**Supplied entries**
>>>

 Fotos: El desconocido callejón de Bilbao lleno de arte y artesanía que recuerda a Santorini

<<<
>>>

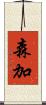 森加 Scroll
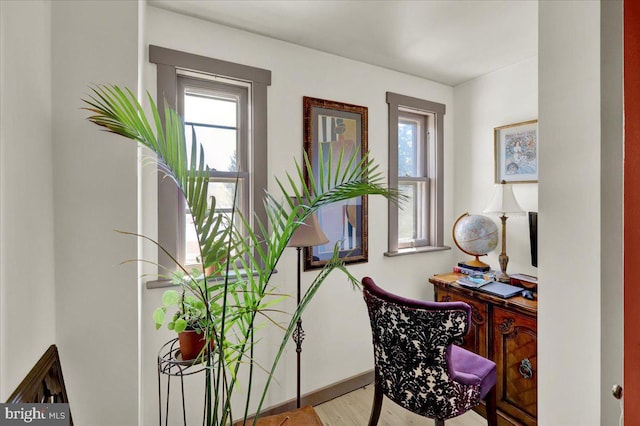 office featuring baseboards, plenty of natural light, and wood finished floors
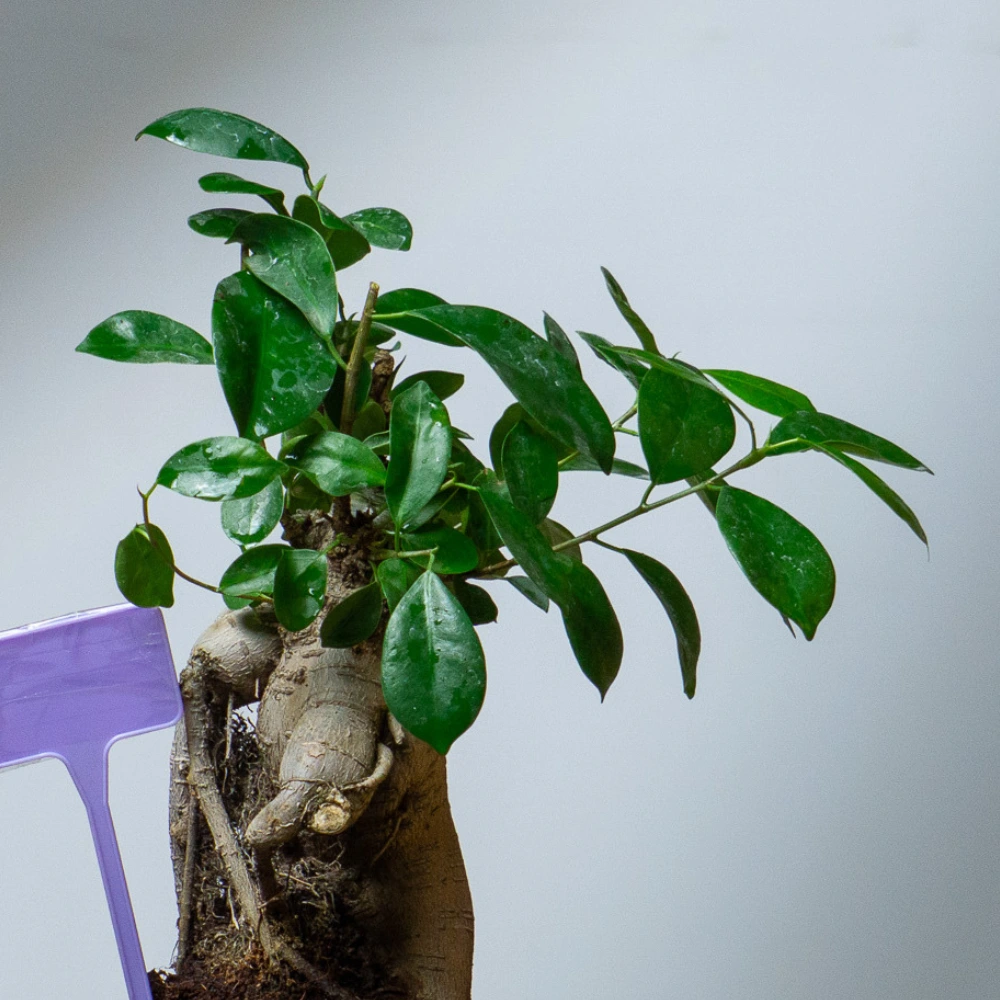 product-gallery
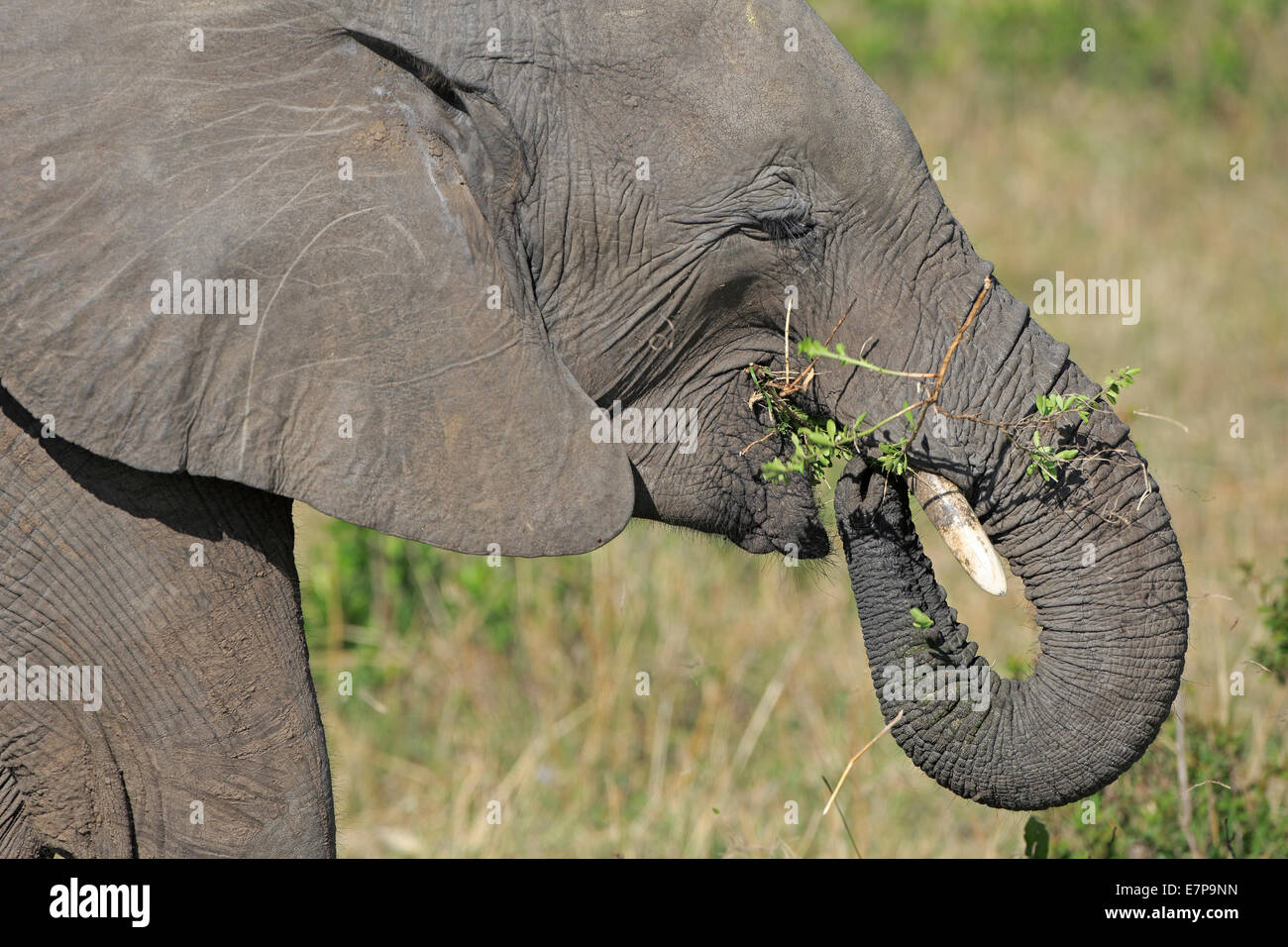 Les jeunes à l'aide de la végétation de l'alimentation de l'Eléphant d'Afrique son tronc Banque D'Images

<<<

**Work instruction**
Every line above between the one containing "office featuring baseboards, plenty" and the one containing "Les jeunes à", those two included, is to be printed exactly. No pictures go into the copy.

**Answer space**
 office featuring baseboards, plenty of natural light, and wood finished floors
 product-gallery
 Les jeunes à l'aide de la végétation de l'alimentation de l'Eléphant d'Afrique son tronc Banque D'Images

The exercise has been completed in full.